***** MATERIAL TO PROCESS

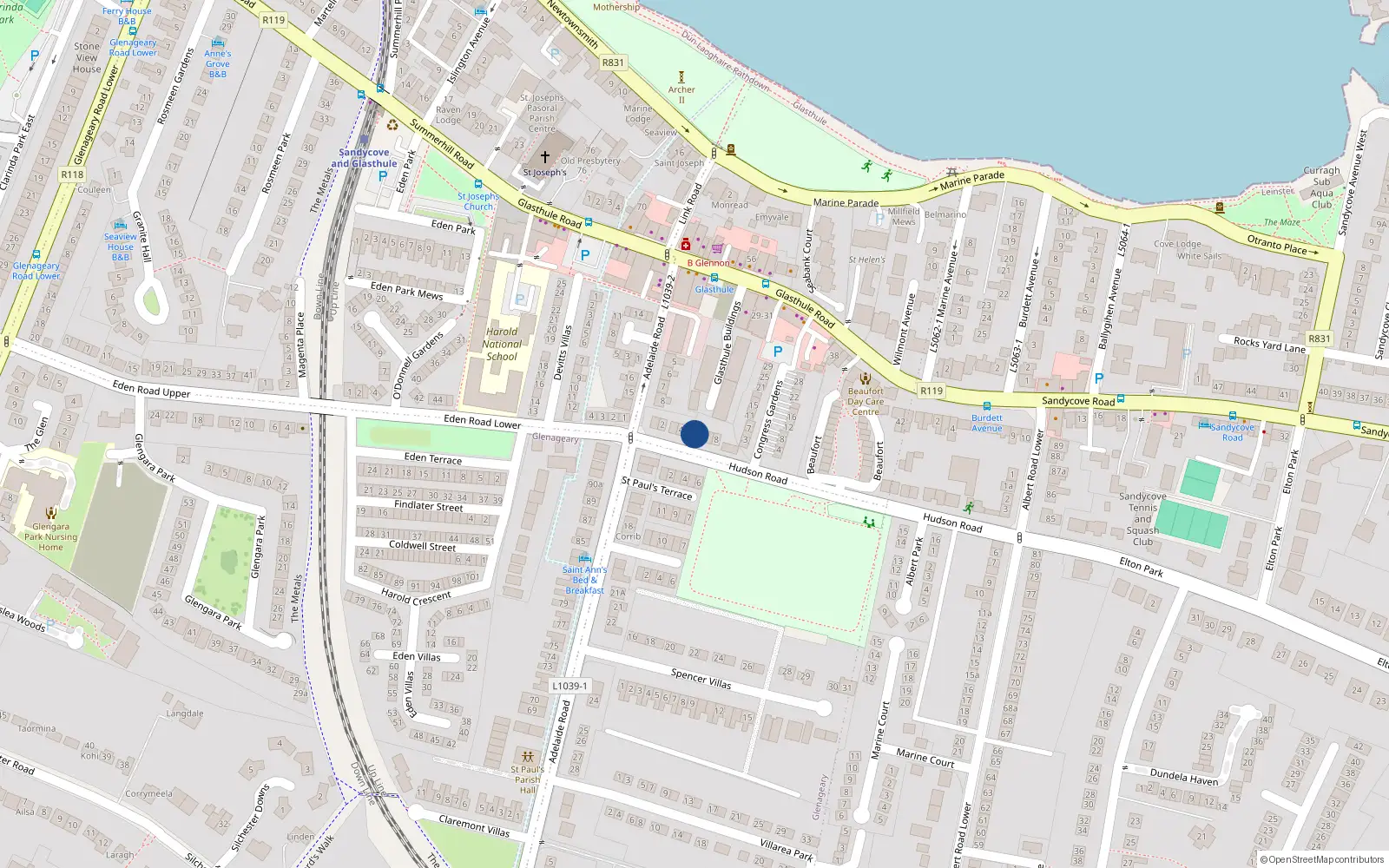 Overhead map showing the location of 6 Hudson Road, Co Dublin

**********
***** MATERIAL TO PROCESS

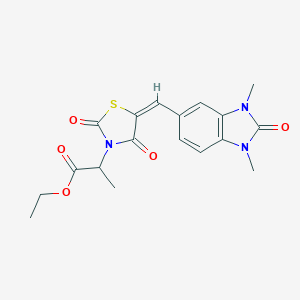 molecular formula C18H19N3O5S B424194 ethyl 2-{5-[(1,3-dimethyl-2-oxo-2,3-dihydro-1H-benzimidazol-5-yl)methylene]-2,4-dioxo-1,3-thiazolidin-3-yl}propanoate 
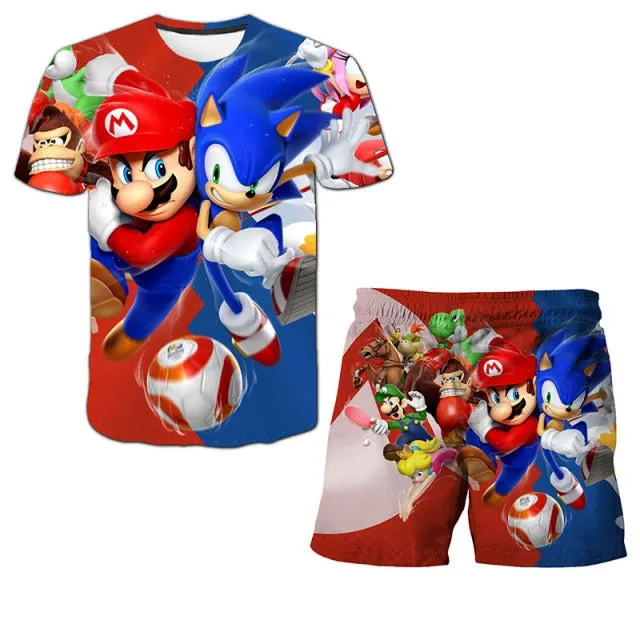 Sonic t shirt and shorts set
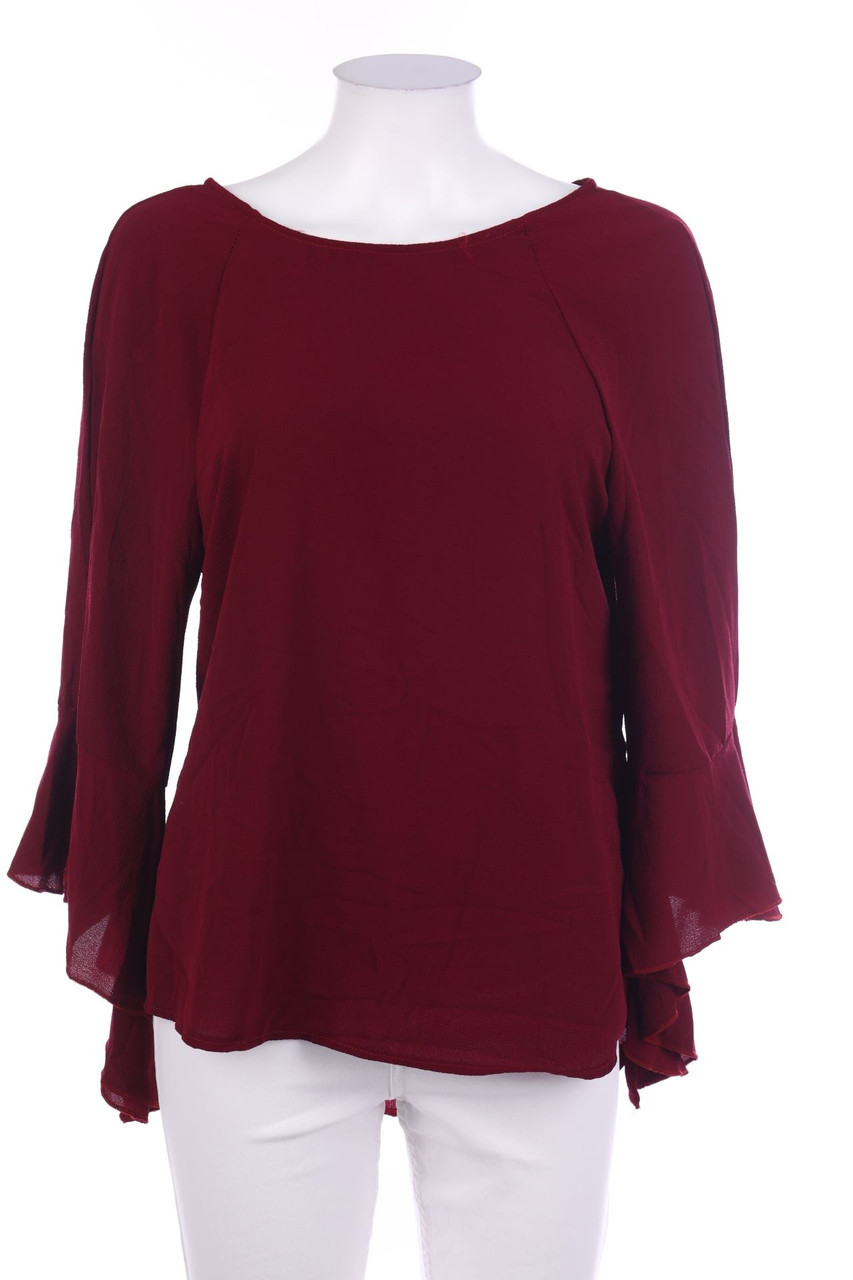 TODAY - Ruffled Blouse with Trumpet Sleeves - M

**********
***** MATERIAL TO PROCESS

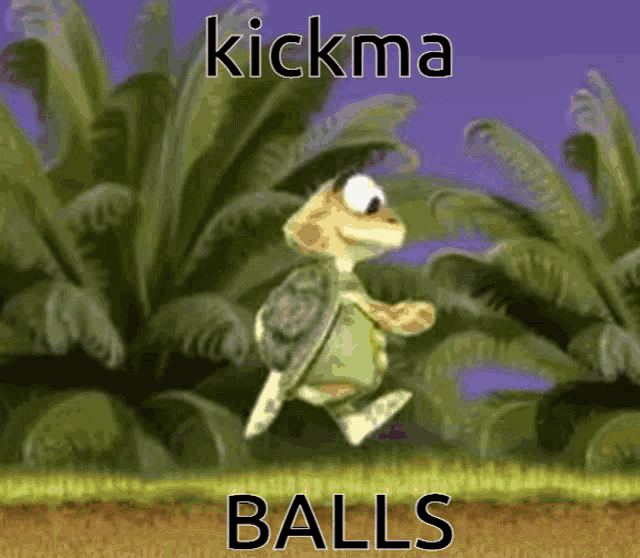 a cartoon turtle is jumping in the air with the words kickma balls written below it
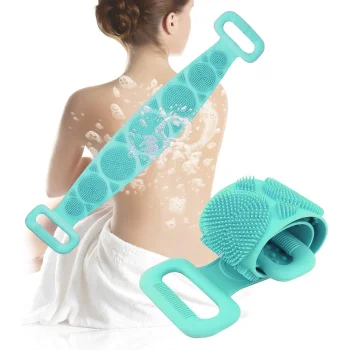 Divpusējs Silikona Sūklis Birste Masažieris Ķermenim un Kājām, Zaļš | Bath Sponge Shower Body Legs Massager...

**********

[EXERCISE DESCRIPTION]: Lines from the one above containing "molecular formula C18H19N3O5S" down to the one containing "TODAY - Ruffled" should be transcribed exactly, with both ends kept and no pictures.

[TASK RESPONSE]:
 molecular formula C18H19N3O5S B424194 ethyl 2-{5-[(1,3-dimethyl-2-oxo-2,3-dihydro-1H-benzimidazol-5-yl)methylene]-2,4-dioxo-1,3-thiazolidin-3-yl}propanoate 
 Sonic t shirt and shorts set
 TODAY - Ruffled Blouse with Trumpet Sleeves - M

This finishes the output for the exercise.